Tyler Van Dyke had mostly shaken away the demons of another awful start. The missed throws started to happen less frequently. Those two second-quarter interceptions suddenly seem so costly when he was trying to lead the Miami Hurricanes to a game-winning drive in the fourth quarter Saturday in Chapel Hill, North Carolina.

It wasn’t too dissimilar from his first Atlantic Coast Conference start last month: It took him some time to figure out what to do, but once he did the offense started to move. He made smart checkdowns, drew penalties with deep shots and used his legs — a surprising weapon for the seemingly statuesque quarterback — to give Miami a shot to win after trailing by 18 in the first half against the North Carolina Tar Heels.

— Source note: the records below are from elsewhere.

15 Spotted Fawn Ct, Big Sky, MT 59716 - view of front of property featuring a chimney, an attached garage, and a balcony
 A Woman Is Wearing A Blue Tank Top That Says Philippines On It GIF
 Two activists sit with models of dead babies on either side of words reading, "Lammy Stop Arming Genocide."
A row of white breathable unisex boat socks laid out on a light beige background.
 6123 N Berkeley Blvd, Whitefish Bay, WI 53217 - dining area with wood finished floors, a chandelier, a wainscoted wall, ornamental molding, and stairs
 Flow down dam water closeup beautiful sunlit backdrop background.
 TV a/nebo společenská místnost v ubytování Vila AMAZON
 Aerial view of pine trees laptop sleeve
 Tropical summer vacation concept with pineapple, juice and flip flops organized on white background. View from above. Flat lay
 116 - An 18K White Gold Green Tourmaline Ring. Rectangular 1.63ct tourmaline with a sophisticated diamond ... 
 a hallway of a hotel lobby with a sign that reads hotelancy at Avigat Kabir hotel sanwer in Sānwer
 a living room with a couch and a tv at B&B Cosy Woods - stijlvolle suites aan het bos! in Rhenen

He had the Hurricanes down at North Carolina’s 16-yard line, in range for a game-tying field goal with less than 30 seconds to go, and then one final mistake. A pass batted at the line and juggled around finally wound up in Cedric Gray’s hands for an interception. Miami lost 45-42 on Van Dyke’s third interception of the game at Kenan Memorial Stadium.

Miami Hurricanes fall again in heartbreaker to UNC, drop to 2-4 for first time since 1997

“He was throwing an RPO for a touchdown and it got tipped at the line of scrimmage,” coach Manny Diaz said. “It’s heartbreak.”

Each of Van Dyke’s first two starts against non-FCS opponents have been rollercoasters. They’ve started low, hit high points in the second half and ended with a crash. On Saturday, it was Van Dyke visibly upset — at least on the verge of tears — while the Tar Heels took a knee and ran out of final six seconds after another near comeback.

His final line wasn’t anything spectacular — he went 20 of 45 for 264 yards, one touchdown and three interceptions, with 36 yards on nine carries — but Diaz called his performance “courageous,” and it was an apt descriptor given the way he ran for first downs, manufactured yardage despite only one complete pass longer than 20 yards and bounced back from an abysmal first half.

As good as his second half was, Van Dyke’s first left the Hurricanes (2-4, 0-2) in a bind. He went 5 of 15 for 59 yards and two interceptions in the first half, missed open receivers too frequently and made two awful decisions. As Miami tries to evaluate him as a long-term option, Van Dyke is providing a mixed bag so far.

He was shaky right from the start. On the Hurricanes’ first play of the game, offensive coordinator Rhett Lashlee dialed up a flea flicker and wide receiver Key’Shawn Smith got open down the field with time for Van Dyke to make the pass. His throw went behind the wide receiver, then he did the same with Smith on a third-and-9 crossing route to end the drive.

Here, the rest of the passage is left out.